# Do web host really use SSD drives?



## Karina122 (Oct 13, 2015)

I have recently seen an offer where a server host is providing unlimited SSD space, I don't think it is SSD?
Anyone seen such hosting offers?


----------



## thekreek (Oct 13, 2015)

I supose you're talking about shared hosting. In that case it's a trend that many hosts follow they sell you an unlimited plan but in reality it's limited in their TOS.
Read their TOS and you will understand this.


----------



## DomainBop (Oct 13, 2015)

Stablebox is a typical example of why unlimited plans are usually very limited.  Their shared hosting offers advertise "Unlimited disk space, Solid State Drives (SSD) in RAID".  Their AUP policy states _"By default, all accounts are provisioned with storage on Solid State Drives. Accounts using more than 5GB of disk space may be moved, at our discretion, to a server utilizing traditional hard disks for storage."  _Their AUP also places further restrictions on disk usage by prohibiting _"Backup, archive, file upload /sharing, and mirroring sites"._


----------



## HalfEatenPie (Oct 13, 2015)

Yep.  As the old saying goes, "there's no such thing as unlimited".  

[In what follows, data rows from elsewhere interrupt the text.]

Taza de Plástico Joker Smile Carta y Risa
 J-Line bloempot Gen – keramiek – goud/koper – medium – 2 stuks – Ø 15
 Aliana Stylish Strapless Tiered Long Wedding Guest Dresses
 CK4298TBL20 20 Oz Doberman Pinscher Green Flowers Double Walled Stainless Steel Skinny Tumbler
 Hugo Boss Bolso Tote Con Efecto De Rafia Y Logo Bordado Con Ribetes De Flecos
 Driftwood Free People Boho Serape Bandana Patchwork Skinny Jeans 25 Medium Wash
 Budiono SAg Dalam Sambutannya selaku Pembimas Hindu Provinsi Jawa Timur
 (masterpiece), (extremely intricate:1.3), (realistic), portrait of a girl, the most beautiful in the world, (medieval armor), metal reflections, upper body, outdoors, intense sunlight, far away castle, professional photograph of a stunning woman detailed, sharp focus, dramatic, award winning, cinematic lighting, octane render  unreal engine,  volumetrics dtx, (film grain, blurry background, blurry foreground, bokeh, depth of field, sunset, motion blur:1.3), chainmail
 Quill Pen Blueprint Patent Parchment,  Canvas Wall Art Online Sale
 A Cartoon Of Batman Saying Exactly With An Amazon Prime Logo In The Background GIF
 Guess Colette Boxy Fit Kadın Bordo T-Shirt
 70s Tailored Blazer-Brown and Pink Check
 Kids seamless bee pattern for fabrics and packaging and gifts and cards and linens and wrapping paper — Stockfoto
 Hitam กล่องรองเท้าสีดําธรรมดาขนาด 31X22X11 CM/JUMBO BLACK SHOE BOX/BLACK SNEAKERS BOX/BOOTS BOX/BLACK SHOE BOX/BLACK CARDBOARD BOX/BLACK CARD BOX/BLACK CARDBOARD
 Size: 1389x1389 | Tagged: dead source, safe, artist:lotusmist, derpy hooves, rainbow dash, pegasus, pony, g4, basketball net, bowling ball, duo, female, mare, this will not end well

Take Site5 for example.  A long long time ago when we (one of my projects) used them, and a long time ago when I was much more naive, we stored some large-sized audio files on our website for download to our viewers.  

Later, our website gets shutdown for "using excessive processor power" from people downloading these files.  Not bad, but yeah wasn't the happiest camper there.  

tldr: If they say unlimited, I'd suggest staying away from them (even if they're some large company.  More than likely, it's outlined in their Terms of Service).


----------



## emdad (Oct 13, 2015)

There is no such thing as Unlimited disk, even with SATA, let alone SSD. Better know your limits before you purchase.


----------



## HN-Matt (Oct 13, 2015)

If a web host advertises resource x as unlimited and is operating in a context of reified 'contemporary physics', it means there are other constraints on that particular resource. The constraints are usually listed in the small print.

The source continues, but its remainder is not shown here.